The Ontario Securities Commission (OSC) is reiterating its pledge to address several critical policy issues for retail investors in the year ahead in its final statement of priorities, published on Thursday.
The statement of priorities set out the regulator’s agenda for its current fiscal year (which ends March 31, 2018) and includes a commitment to introduce a best interest standard for financial advisors alongside regulators in New Brunswick as well as support the series of “targeted reforms” that other regulators are promising.
On the issue of embedded commissions, the regulator notes that the “current embedded fee model is not well understood by investors” and that it gives rise to conflicts that could harm investors. Yet, it stops short of promising to ban these structures.
“The OSC remains committed to achieving an evidence-based resolution to the use of embedded compensation structures,” the statement of priorities says. “Following further dialogue with stakeholders the OSC will develop and present policy options and recommendations to the commission and [Canadian Securities Administrators] chairs later this year.”
The OSC also reports that it has received “strong support” for the idea of strengthening the powers of the Ombudsman for Banking Services and Investments (OBSI). The latest independent review of OBSI recommends that it be given the power to impose binding decisions.
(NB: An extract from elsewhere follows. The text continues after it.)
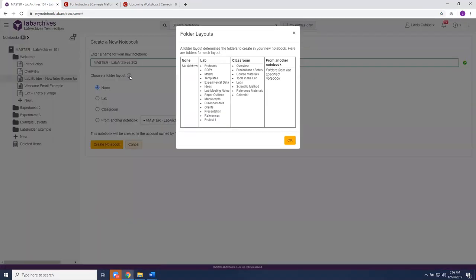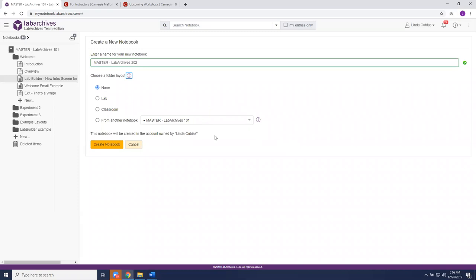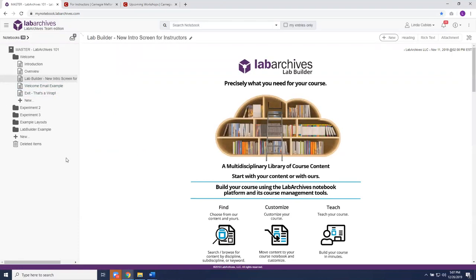Optionally, you can choose a layout: none, lab, classroom, or from another notebook. If you choose one of our layouts, you can always edit or modify it. The classroom layout gives you folders already created in your account — the folders are empty and you still need to add content, but you can delete, rename, or modify them as needed. You can also base the layout on a previous notebook you've created. Simply click 'Create Notebook' and you'll automatically be within that notebook to start adding content. For our purposes today, we already have a notebook created, so we'll cancel out and go back to our current notebook structure.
In its priorities, the OSC says that, in the year ahead, it will analyze those recommendations, along with other input, in determining a response.
In addition, the provincial government has decided to give the OSC oversight of syndicated mortgages since the OSC published its draft priorities in March, so this has been added as a new priority for the regulator.
Its other new priorities for the coming year also include improving the collection of monetary sanctions; accommodating the growth of fintech; and reducing the regulatory burden.
For the current fiscal year, the OSC is budgeting for a deficit of $1.9 million as expense growth is expected to outstrip revenue. Indeed, it’s forecasting that revenue will decline by 3.5% from last year and that expenses will grow by 8.5%. The projected deficit would reduce the OSC’s surplus to $38.7 million by March 2018.
“Fee rates will be reviewed in fiscal 2018 and the existing surplus will be taken into account in determining new rates,” the OSC notes.